Guadeloupe’s Marie-Galante regatta
Over the weekend of December 2 – 3, 2006, the last regatta of the Championship of Guadeloupe took place. This regatta, in three stages, is notable for including a stopover at one of the islands of the Guadeloupe archipelago : Marie-Galante. Eighteen competitors hit the start line in ideal conditions on Saturday at 1 p.m. Wind speed had remained stable at 20 knots all weekend for the competitors’ pleasure. After the first leg (Pointe a Pitre to Marie Galante) and an evening which once again put the welcome to the forefront, competitors were able to grapple on Sunday on perfect water (flat but breezy) during the round the buoys stage which made up the second leg.
The return to Pointe a Pitre for the third leg was set for 1 p.m., a departure which proved to be fatal for the J120 Paulista who lost first place to the Gibsea 414 Sofaia. In the Racing Class, no suprises ; the Class 10 EIB Marina Bas du Fort led all three stages despite a difficult season due to crew changes and a broken rudder earlier in the year.
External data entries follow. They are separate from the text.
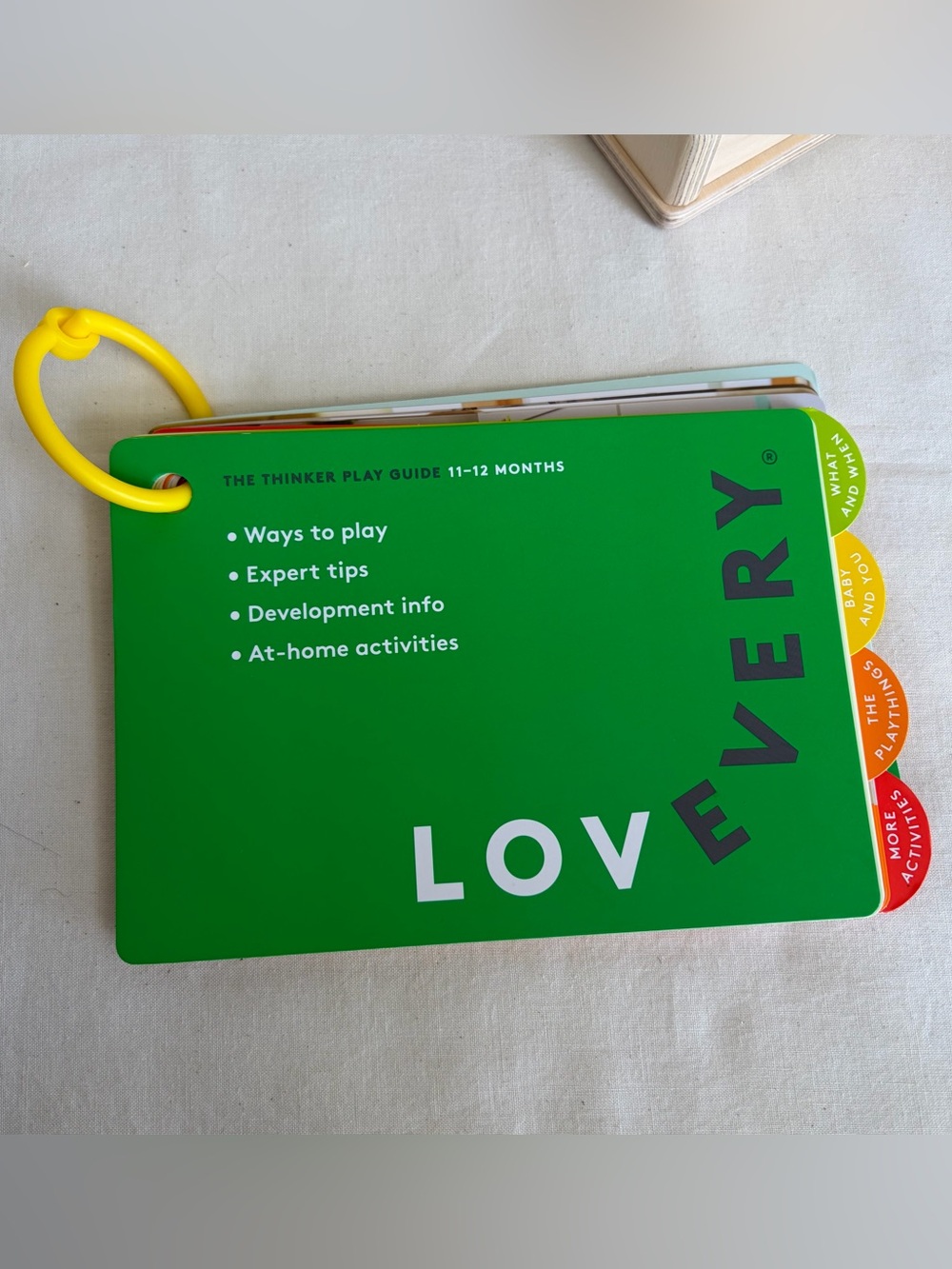 Lovevery The Thinker Playkit Montessori Baby Toys - Picture 7 of 15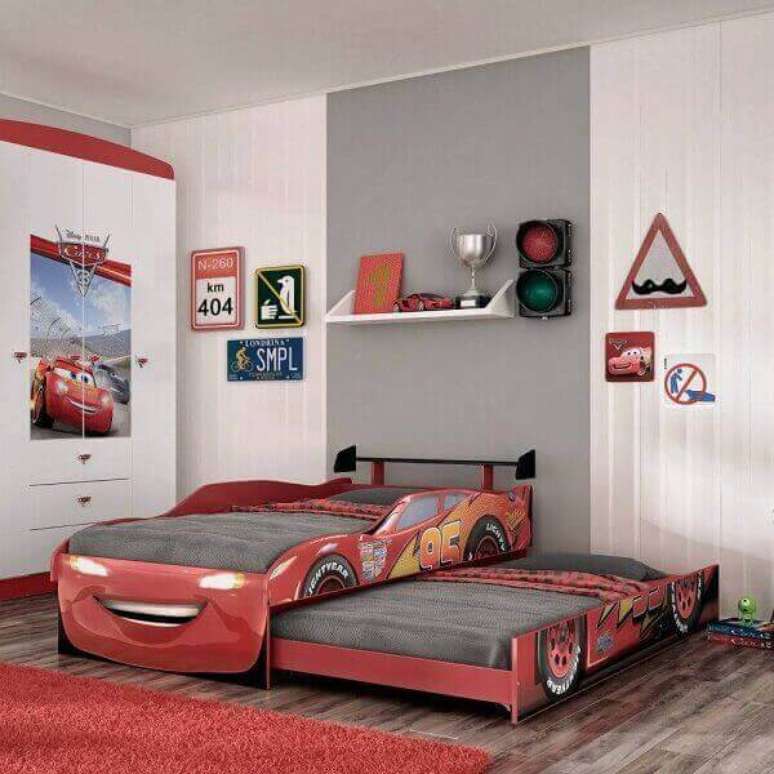 15- Bicama infantil personalizado.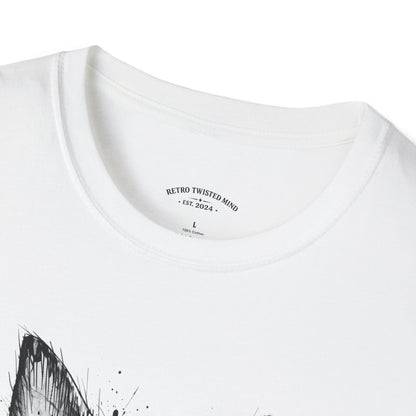 Chihuahua Portrait T‑Shirt — "I'm Not Here, That's an Illusion"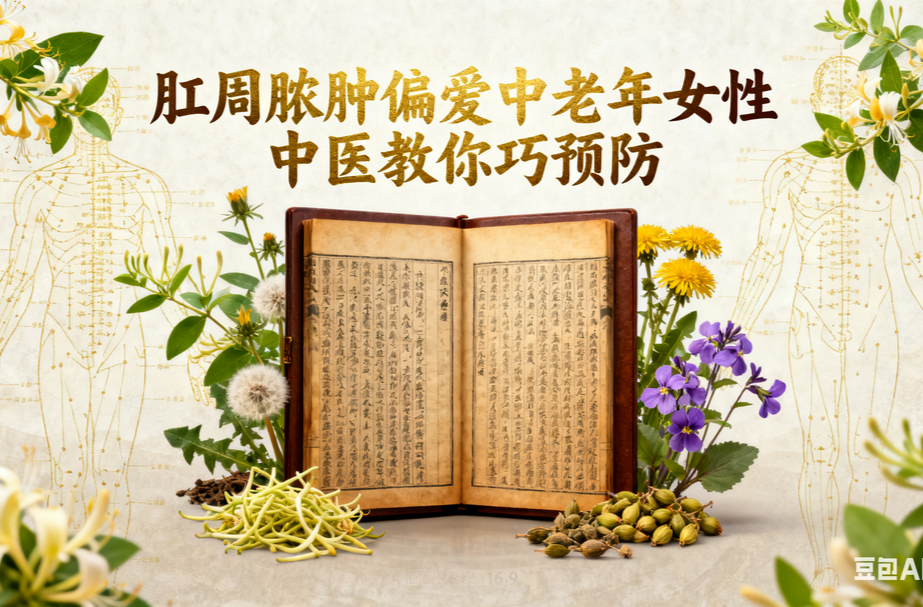 肛周脓肿偏爱中老年女性  中医教你巧预防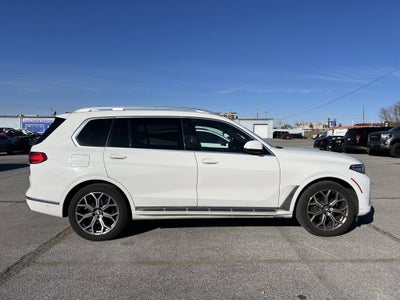 2021 BMW X7 xDrive40i
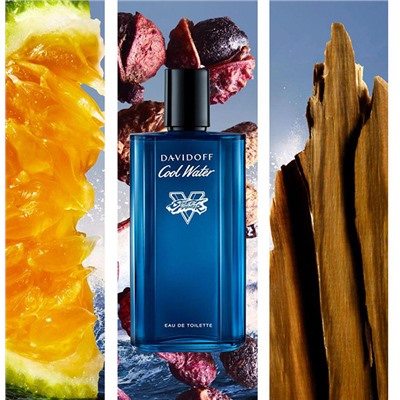 Davidoff Cool Water Street Fighter Champion Summer Edition edt For Him 125 ml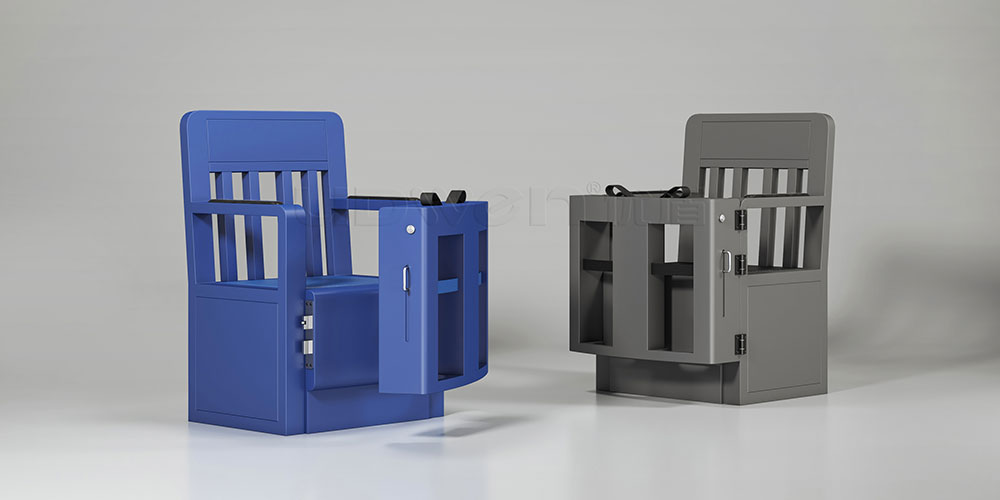 防破坏设计：审讯椅为何采用强化结构与固定装置？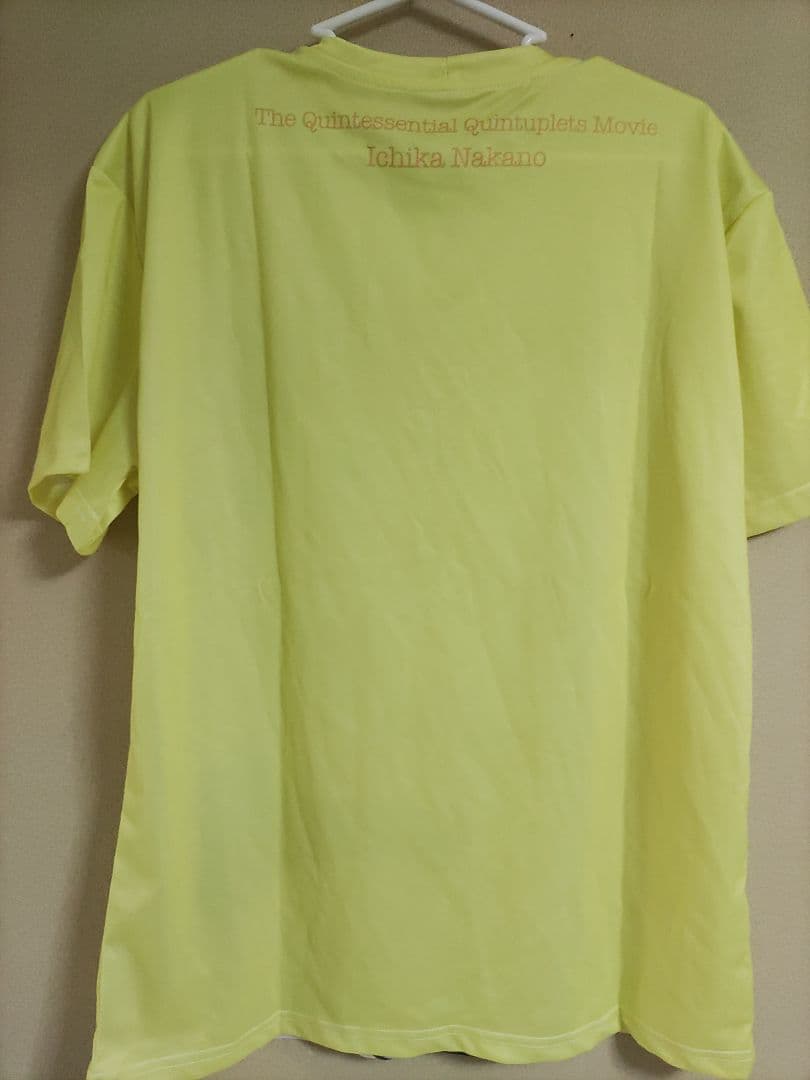 五等分の花嫁 フルグラフィックTシャツ 一花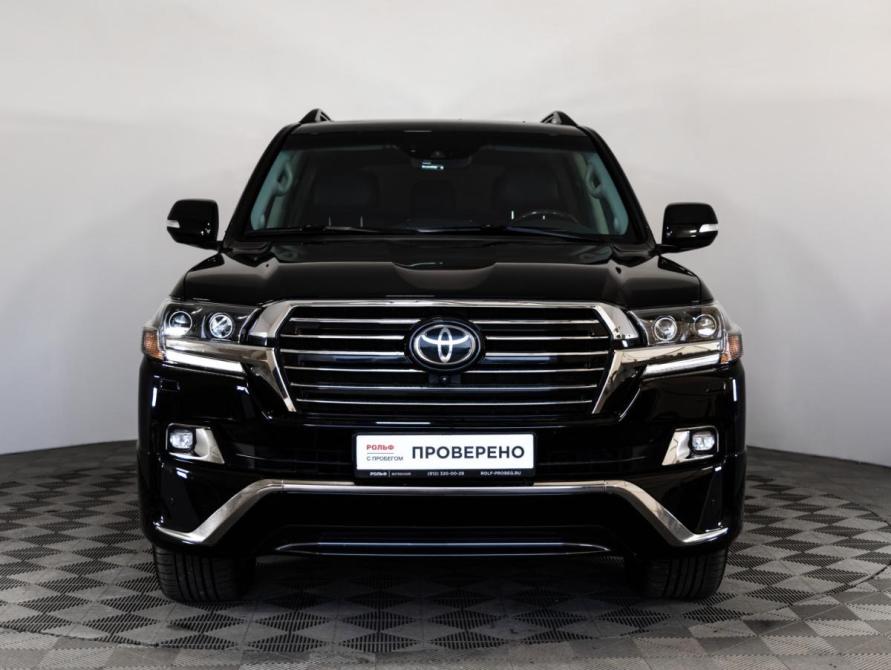 Toyota Land Cruiser 200 Series Рестайлинг 2 Санкт-Петербург  - изображение 2
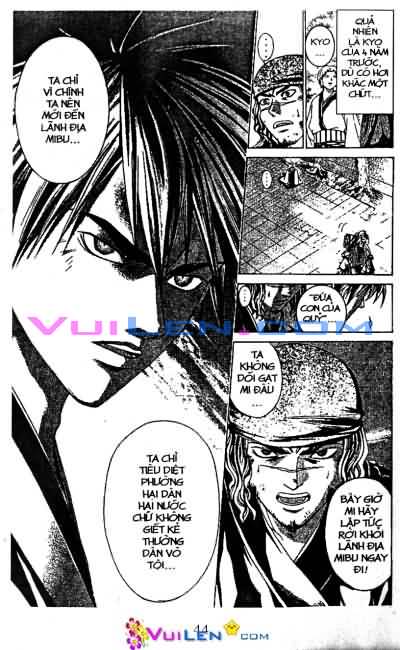 Mắt Quỷ Kyo Chapter 69 - Trang 2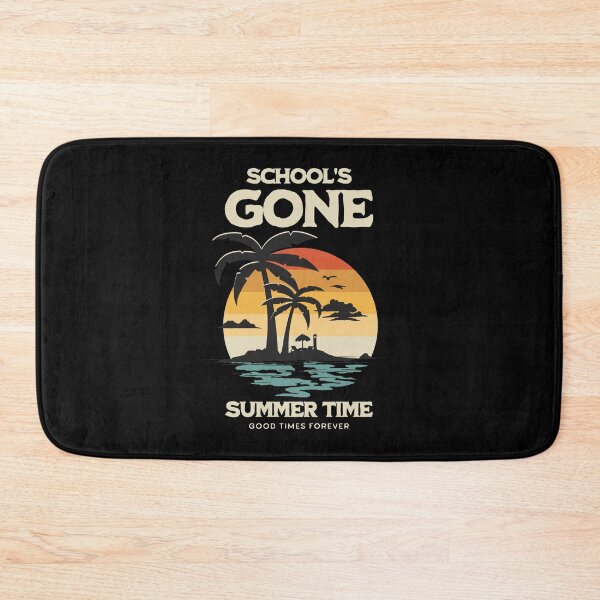 Item preview, schools gone summer time designed and sold by nelkrshop.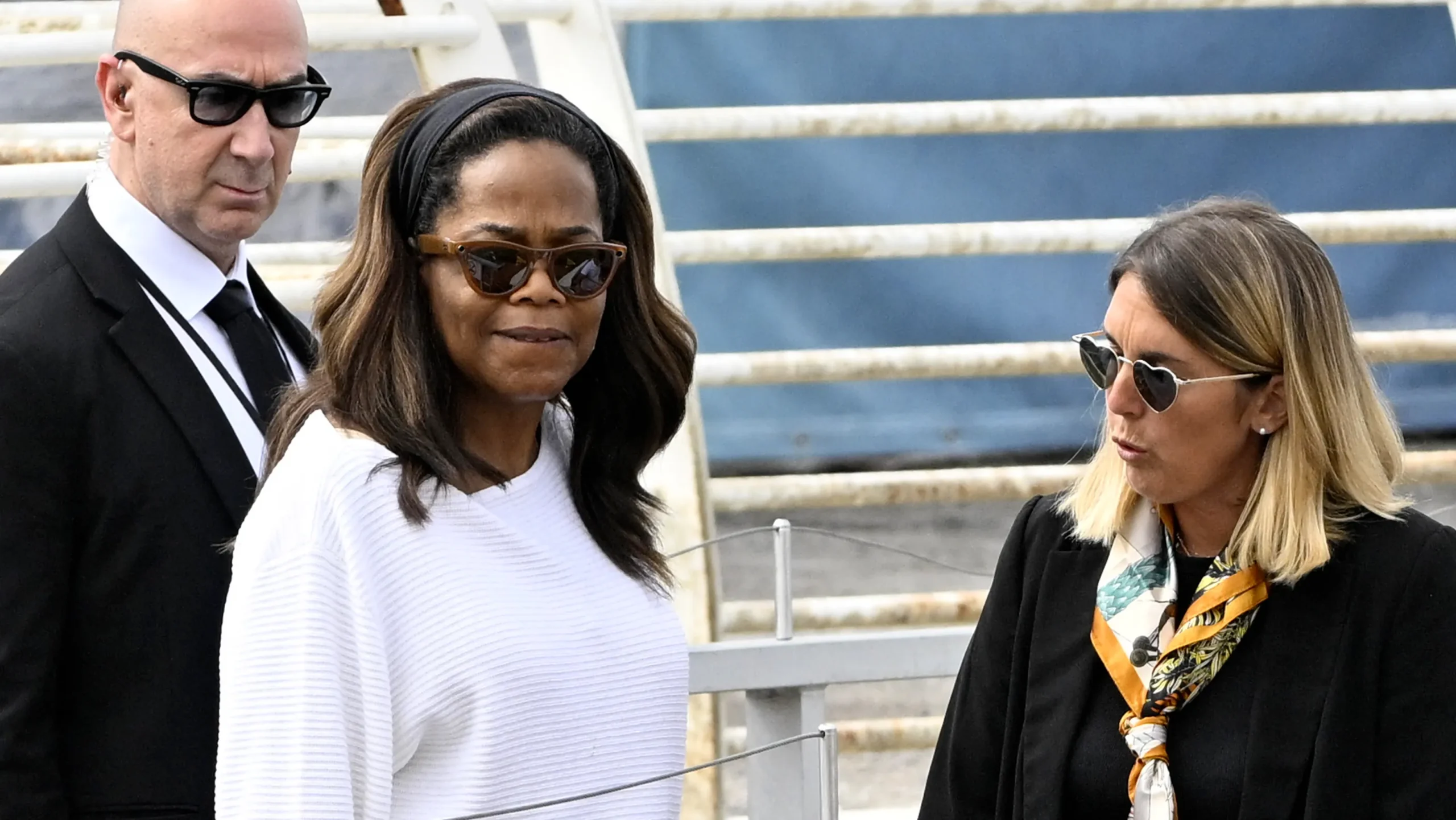 Kim Kardashian, Oprah, stars in Venice for Jeff Bezos and Lauren Sánchez's wedding: Photos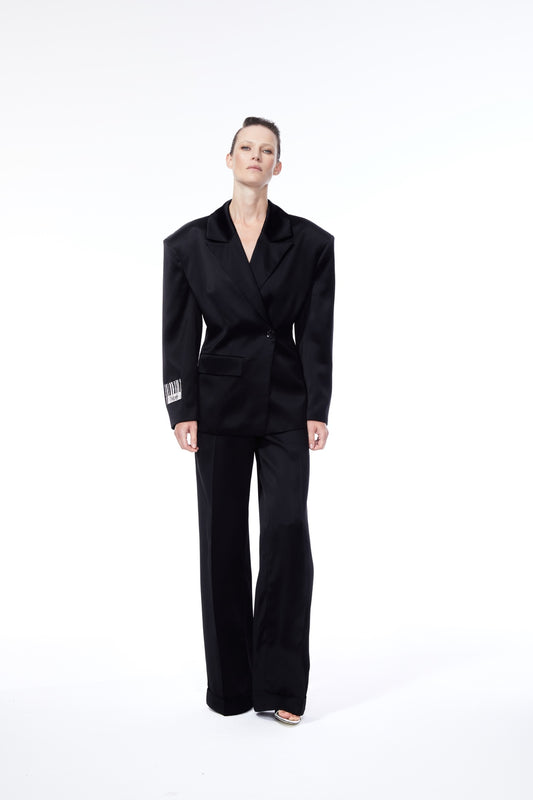 Midnight Tailored Trousers NUÉ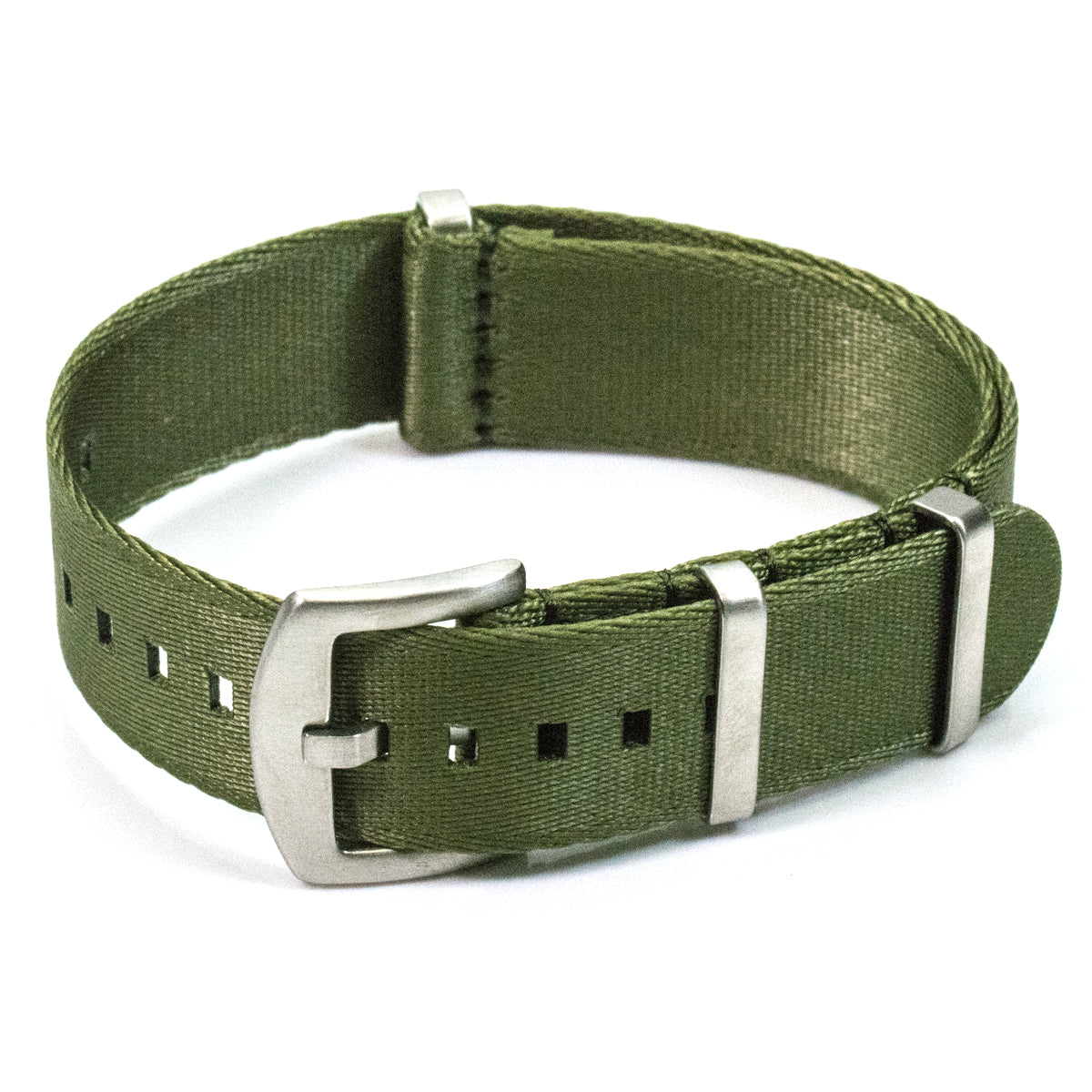 TOUGH Seat Belt Strap Military Watch Mens Nylon Army 18mm 20mm 22mm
Likewise in Cruising, where Pascal Poisson’s Manga Reva was not troubled. In the Multihull Class, even if it was not overly evident on the water, Vincent Trancart’s Eo shamed Alexandre Bonvoisin’s Coco Kafe. All in all, a closing regatta for the 2006 season which hints at some good battles for 2007.
- Gwada Speed Boat
- Clair de vent
Racing Cruising :
- Coco Kafé
- Manga Reva
- Syrius 2
- Youyou Too
Téléthon: three days of solidarity and activity for the support of those in need
Born in France in 1986, the Telethon has become an institution which takes place every years. For three days, televised sporting challenges are underway across all French Departements in order to gather funds to combat rare, neurological, genetic disorders.
Once again this year, Guadeloupe leapt into action in order to help find a cure for these disorders: land-based challenges as well as nautical ones took place between the 8th and 10th of December.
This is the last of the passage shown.